I have a textfile with mixed NC-Code and C#-Code. C#-Code starts with "<#" and ends with "#>". Now I need one regex expression to find all NC-Comments. One problem is that NC-Comments starts with ";" therefore I got some issues to distinguish NC-Comment with ";" of C#-Code.
Is it possible to achieve this with only one regular expression?
; 1. NC-Comment
FUNCT_A;
FUNCT_B;
<# // C#-Code
int temp = 42;
string var = "hello"; // C#-Comment
#>
FUNCT_C ; 2. Comment
<# // C#-Code
for(int i = 0; i <10; i++)
{
Console.WriteLine(i.ToString());
}
#>
; 3. Comment
FUNCT_D;
The result of the regex should be {1. NC-Comment, 2. Comment, 3. Comment}
I have played arround with following regular expressions:
1.) (;(.*?)\r?\n) --> Finds all NC-Comments but also C#-Code as comment
2.) (#>.*?<#)|(#>.*) --> Finds all NC-Code except the first NC-Code fragment
3.) #>.+?(?=<#) --> Finds all NC-Code except the first and last NC-Code fragment
One solution could be to push each "<#" to a stack and pop each "#>" from this stack. So if the stack is empty then the current string is NC-Code. Next I have to find out if this string is a NC-Comment.
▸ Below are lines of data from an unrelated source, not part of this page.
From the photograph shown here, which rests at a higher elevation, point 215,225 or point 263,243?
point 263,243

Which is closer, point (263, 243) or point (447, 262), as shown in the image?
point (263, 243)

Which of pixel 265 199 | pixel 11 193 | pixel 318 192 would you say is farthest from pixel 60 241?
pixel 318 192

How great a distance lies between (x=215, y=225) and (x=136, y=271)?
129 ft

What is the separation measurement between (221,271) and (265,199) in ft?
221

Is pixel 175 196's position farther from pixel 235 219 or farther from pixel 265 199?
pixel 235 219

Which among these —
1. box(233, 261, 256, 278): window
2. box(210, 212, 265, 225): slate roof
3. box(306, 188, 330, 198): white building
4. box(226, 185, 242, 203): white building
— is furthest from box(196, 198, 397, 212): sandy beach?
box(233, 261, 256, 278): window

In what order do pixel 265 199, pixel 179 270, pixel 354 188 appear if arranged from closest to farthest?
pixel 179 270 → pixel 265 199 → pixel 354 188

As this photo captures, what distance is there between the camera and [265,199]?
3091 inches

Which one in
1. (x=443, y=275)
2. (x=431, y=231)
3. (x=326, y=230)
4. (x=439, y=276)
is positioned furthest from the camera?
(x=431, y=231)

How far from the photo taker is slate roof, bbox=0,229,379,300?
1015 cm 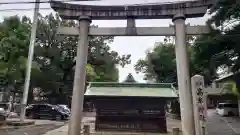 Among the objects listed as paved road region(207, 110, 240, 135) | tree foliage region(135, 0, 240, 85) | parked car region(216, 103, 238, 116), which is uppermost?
tree foliage region(135, 0, 240, 85)

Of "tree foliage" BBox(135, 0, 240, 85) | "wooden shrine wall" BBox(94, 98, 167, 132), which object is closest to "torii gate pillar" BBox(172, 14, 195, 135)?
"tree foliage" BBox(135, 0, 240, 85)

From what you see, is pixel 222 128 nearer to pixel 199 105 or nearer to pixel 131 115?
pixel 131 115

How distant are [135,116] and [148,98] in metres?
1.44

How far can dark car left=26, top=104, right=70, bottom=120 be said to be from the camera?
24.9m

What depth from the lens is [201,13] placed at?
36.4 feet

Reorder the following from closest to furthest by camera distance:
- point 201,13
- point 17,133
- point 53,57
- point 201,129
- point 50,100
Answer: point 201,129
point 201,13
point 17,133
point 53,57
point 50,100

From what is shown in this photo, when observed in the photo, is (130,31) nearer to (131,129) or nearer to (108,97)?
(108,97)

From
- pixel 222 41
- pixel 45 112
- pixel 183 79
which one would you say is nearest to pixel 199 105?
pixel 183 79

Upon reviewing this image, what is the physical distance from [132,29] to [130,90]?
554 cm

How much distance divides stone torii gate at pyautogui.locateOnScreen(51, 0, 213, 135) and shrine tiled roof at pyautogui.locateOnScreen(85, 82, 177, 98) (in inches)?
172

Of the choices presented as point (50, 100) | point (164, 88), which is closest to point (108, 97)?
point (164, 88)

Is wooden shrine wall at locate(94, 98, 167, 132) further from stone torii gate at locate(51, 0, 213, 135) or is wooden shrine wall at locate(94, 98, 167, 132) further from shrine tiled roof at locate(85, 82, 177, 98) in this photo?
stone torii gate at locate(51, 0, 213, 135)

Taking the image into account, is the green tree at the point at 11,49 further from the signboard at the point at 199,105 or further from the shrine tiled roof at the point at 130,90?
the signboard at the point at 199,105

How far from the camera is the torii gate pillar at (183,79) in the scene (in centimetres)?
1019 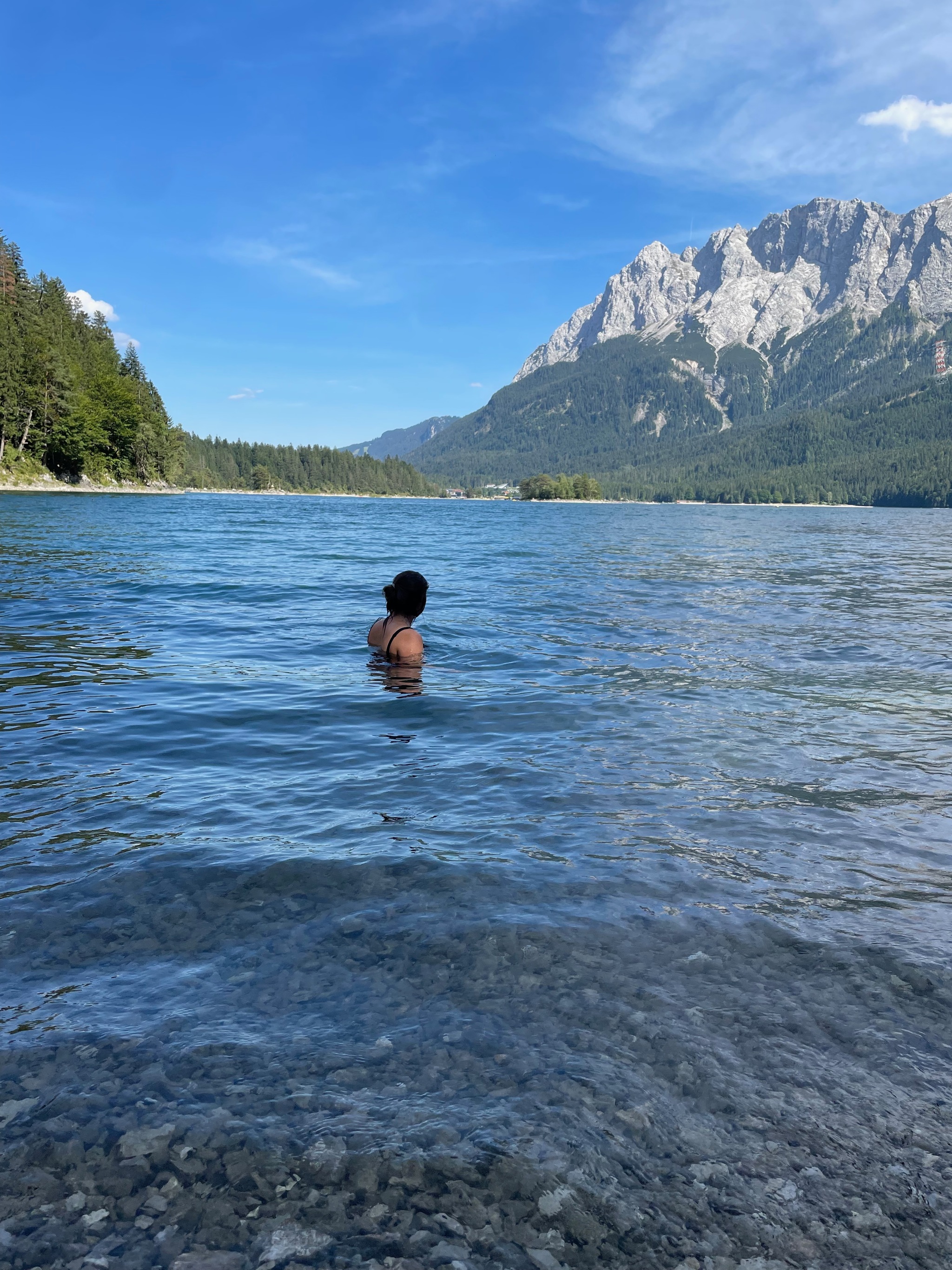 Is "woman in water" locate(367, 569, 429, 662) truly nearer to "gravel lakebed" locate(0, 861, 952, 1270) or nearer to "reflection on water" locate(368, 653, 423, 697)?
"reflection on water" locate(368, 653, 423, 697)

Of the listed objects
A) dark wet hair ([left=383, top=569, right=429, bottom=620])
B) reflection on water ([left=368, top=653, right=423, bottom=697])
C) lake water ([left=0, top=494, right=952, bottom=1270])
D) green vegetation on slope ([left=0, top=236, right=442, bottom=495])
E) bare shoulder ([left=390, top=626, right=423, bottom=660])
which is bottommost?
reflection on water ([left=368, top=653, right=423, bottom=697])

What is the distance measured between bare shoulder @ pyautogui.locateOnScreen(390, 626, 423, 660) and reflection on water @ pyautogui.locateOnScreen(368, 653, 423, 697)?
165 mm

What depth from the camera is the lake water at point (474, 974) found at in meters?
2.99

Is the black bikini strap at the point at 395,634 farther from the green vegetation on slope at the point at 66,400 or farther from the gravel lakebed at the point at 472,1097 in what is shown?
the green vegetation on slope at the point at 66,400

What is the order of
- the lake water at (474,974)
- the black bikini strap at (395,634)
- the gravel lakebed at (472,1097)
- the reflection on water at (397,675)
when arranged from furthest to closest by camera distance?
the black bikini strap at (395,634) → the reflection on water at (397,675) → the lake water at (474,974) → the gravel lakebed at (472,1097)

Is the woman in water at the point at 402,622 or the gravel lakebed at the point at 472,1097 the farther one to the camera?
the woman in water at the point at 402,622

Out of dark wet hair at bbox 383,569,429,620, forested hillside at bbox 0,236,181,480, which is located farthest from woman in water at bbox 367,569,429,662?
forested hillside at bbox 0,236,181,480

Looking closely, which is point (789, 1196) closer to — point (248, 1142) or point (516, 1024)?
point (516, 1024)

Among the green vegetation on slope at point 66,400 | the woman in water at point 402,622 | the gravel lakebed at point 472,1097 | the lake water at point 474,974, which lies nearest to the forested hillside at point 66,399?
the green vegetation on slope at point 66,400

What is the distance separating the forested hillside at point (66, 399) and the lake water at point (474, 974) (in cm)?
9364

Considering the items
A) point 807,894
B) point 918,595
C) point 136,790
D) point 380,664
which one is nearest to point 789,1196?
point 807,894

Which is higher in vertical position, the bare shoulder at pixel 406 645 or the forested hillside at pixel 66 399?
the forested hillside at pixel 66 399

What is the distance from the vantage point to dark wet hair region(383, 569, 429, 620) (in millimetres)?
12992

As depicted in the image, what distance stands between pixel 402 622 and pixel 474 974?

I rather do it without regex:
public static List<string> GetNCComments(Stream stream)
{
using (StreamReader sr = new StreamReader(stream))
{
List<string> result = new List<string>();
bool inCS = false; // are we in C# code?
int c;
while ((c = sr.Read()) != -1)
{
if (inCS)
{
switch ((char)c)
{
case '#':
if (sr.Peek() == '>') // end of C# block
{
sr.Read();
inCS = false;
}
break;
case '/':
if (sr.Peek() == '/') // a C# comment
sr.ReadLine(); // skip the whole comment
break;
}
}
else
{
switch ((char)c)
{
case '<':
if (sr.Peek() == '#') // start of C# block
{
sr.Read();
inCS = true;
}
break;
case ';': // NC comment
string comment = sr.ReadLine();
if (!string.IsNullOrEmpty(comment))
result.Add(comment);
break;
}
}
}
return result;
}
}
Usage:
var comments = GetNCComments(new FileStream(filePath, FileMode.Open, FileAccess.Read));
The code is simple and self explanatory. This also handles C# comments, but not C# strings. I mean, it works correctly if you have a #>
in a C# comment. But does not work if you have the same thing a C# string (incorrectly considers it as the end of C# block). Handling this case is also easy.